Waiting For Culturally Relevant Education, Not Superman
by Steven Barboza
“I went to a class where the professor said if you didn’t appreciate Beethoven, Bach and Brahms, you were culturally deprived, to which I responded, if you didn’t appreciate James Brown, you were culturally deprived.” — Gloria Ladson-Billings
As a recent documentary film suggests, many parents and educators have been “Waiting for Superman” to fix our broken public education system. He simply isn’t coming. Imhotep, however, has landed in Philly.
A public charter high school that graduated its first class in 2000, Imhotep is hard to miss if you live in Philadelphia. It’s based in a $10 million educational complex. It produces championship athletic teams. The student population of 558 is overwhelmingly black. No Imhotep student is left behind — they all go onto college. And every day, there’s an Imhotep wardrobe riot going on as many teachers and students don colorful African clothing.
For all its success in using “culturally relevant teaching,” the school hasn’t emitted so much as a dull bleep on the radar screens of education cognoscenti seeking replicable school reforms, leaving one to question whether the school is just “too African” for America.
However, culturally relevant teaching as practiced there might be worth another look as a method capable of reaching the nation’s students. The nation, after all, is facing an education crisis of the first order: only 6 in 10 blacks and Hispanics graduate from high school.
Named for the legendary ancient Egyptian genius from the third dynasty who is credited with inventing papyrus, designing pyramids and founding medicine, Imhotep is the kind of school where the principles of Kwanzaa are called upon every day, where self-determination is an article of faith, and where students learn to “take responsibility for yourself, your brothers and your sisters.”
“When I started Imhotep, I did a graphic that put the student in the middle and made sure everything was designed to meet the needs of the child, not the teachers’ or the administration’s or the institution’s,” said CEO and founder Christine Wiggins, who is called Mama Wiggins. “And I continually try to do that.”
This meant designing a curriculum that “centers” Imhotep students by valuing Africa as the birthplace of humanity and learning.
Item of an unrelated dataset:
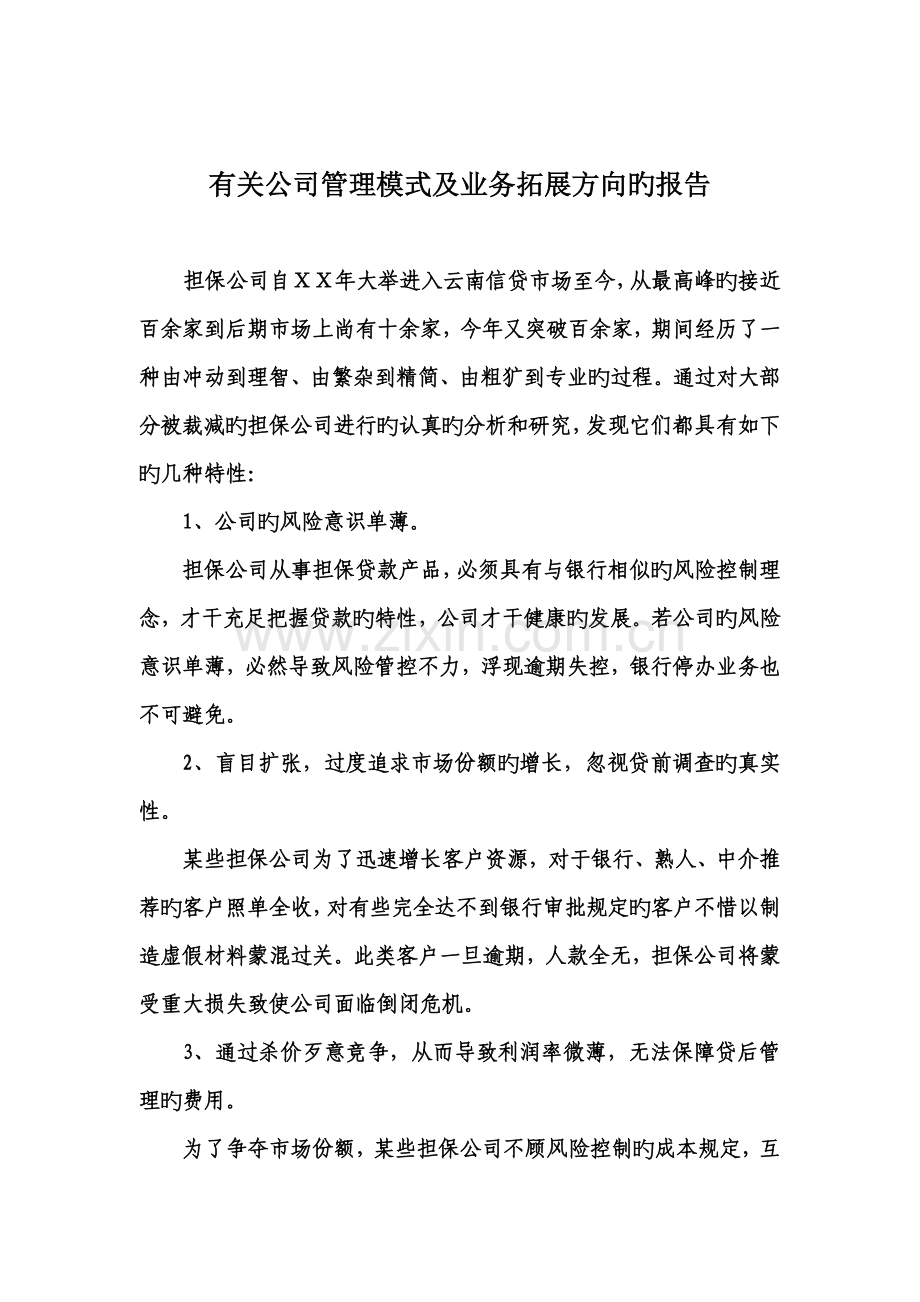 担保公司管理模式及业务拓展方向的报告.doc_第1页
Mama Wiggins and her staff of 60 call the students “Nubians” and approach teaching as if academics originated in the motherland.
“Developmentally, children need to know they are descendants of great thinkers,” Wiggins said. “When you never show them anybody that looks like them and that hasn’t achieved anything, then they don’t believe that they can achieve anything.”
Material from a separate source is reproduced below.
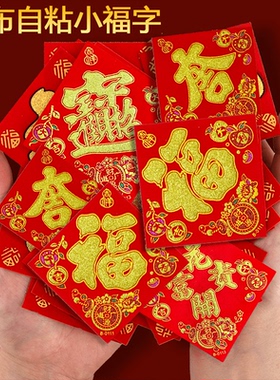 【买一送一】自粘全背胶绒布小福字2026马年新款福字大吉宝春节门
She added: “It’s not advantageous to put a child in the classroom and give him a textbook where the only pictures of people that look like him are people on their knees in chains and being whipped. We’re going to show them images of their great African fathers and mothers as leaders in math and science, so everything that I do is centered around that basic premise.”
Detractors see the African mash-up of academics as fraudulent, saying you don’t have to see yourself in a curriculum; you just have to learn, or you’ll suffer the consequences.
But the Imhotep formula appears to get results: for nine years straight, 100% of Imhotep students have gotten into college, Wiggins said, adding, “The average in the country is running about 30%.” Her students win entrance to between 5 and 20 colleges, giving them a wide choice of colleges to attend.
Incoming Imhotep students are not filtered. “The children who come to us are the ones who have not been ‘saved’ in traditional schools,” she said. “I do a dance if I get a child in grade nine who is reading on a sixth grade level. Usually they are reading on a fourth and fifth grade level.”